BEGIN

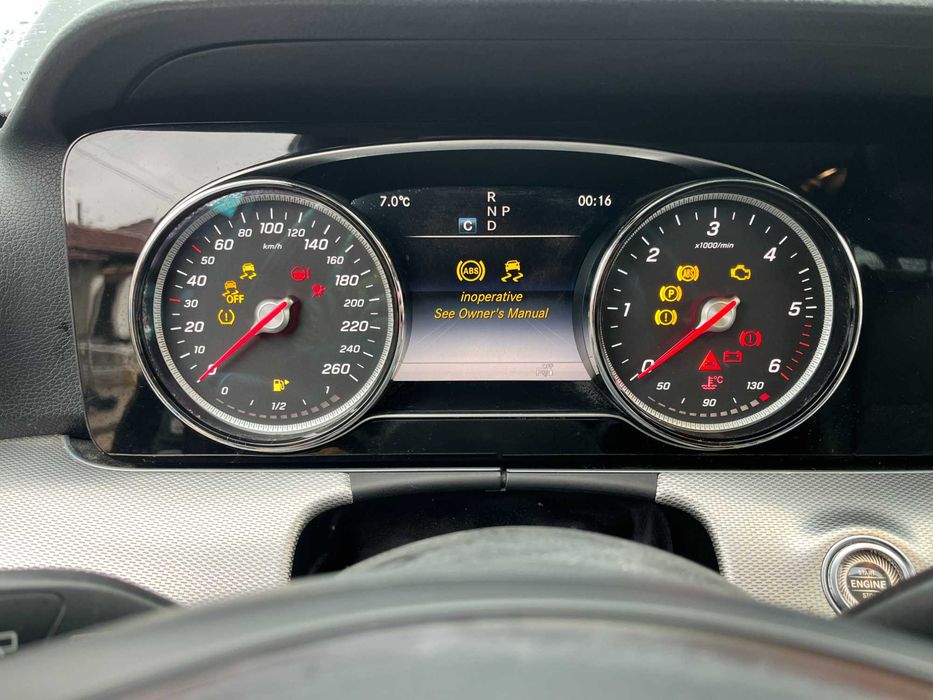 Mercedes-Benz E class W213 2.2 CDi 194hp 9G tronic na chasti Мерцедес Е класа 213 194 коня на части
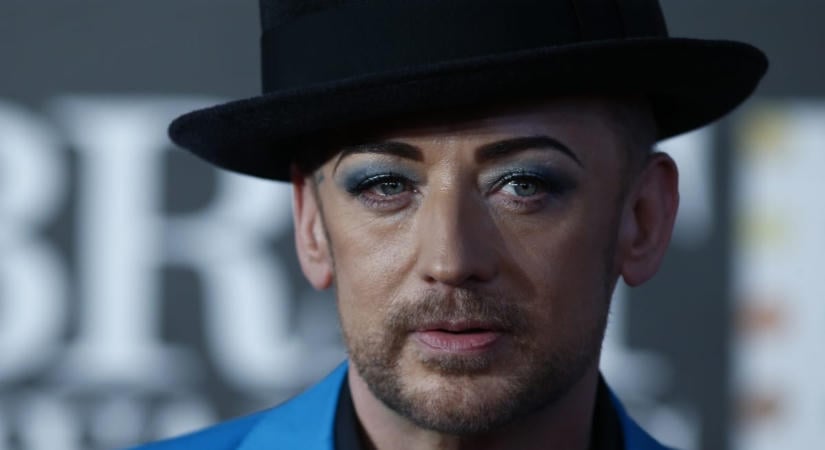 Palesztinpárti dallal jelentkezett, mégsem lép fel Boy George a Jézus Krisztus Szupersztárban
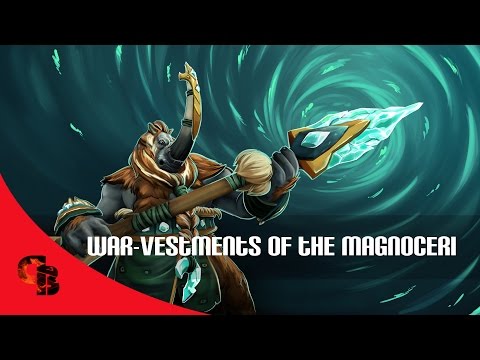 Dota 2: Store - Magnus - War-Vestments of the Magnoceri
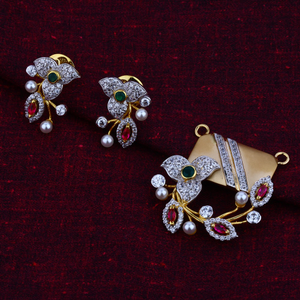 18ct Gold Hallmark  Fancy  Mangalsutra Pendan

END

All lines above are to be restated word for word, with pictures excluded.

 Mercedes-Benz E class W213 2.2 CDi 194hp 9G tronic na chasti Мерцедес Е класа 213 194 коня на части
 Palesztinpárti dallal jelentkezett, mégsem lép fel Boy George a Jézus Krisztus Szupersztárban
 Dota 2: Store - Magnus - War-Vestments of the Magnoceri
 18ct Gold Hallmark  Fancy  Mangalsutra Pendan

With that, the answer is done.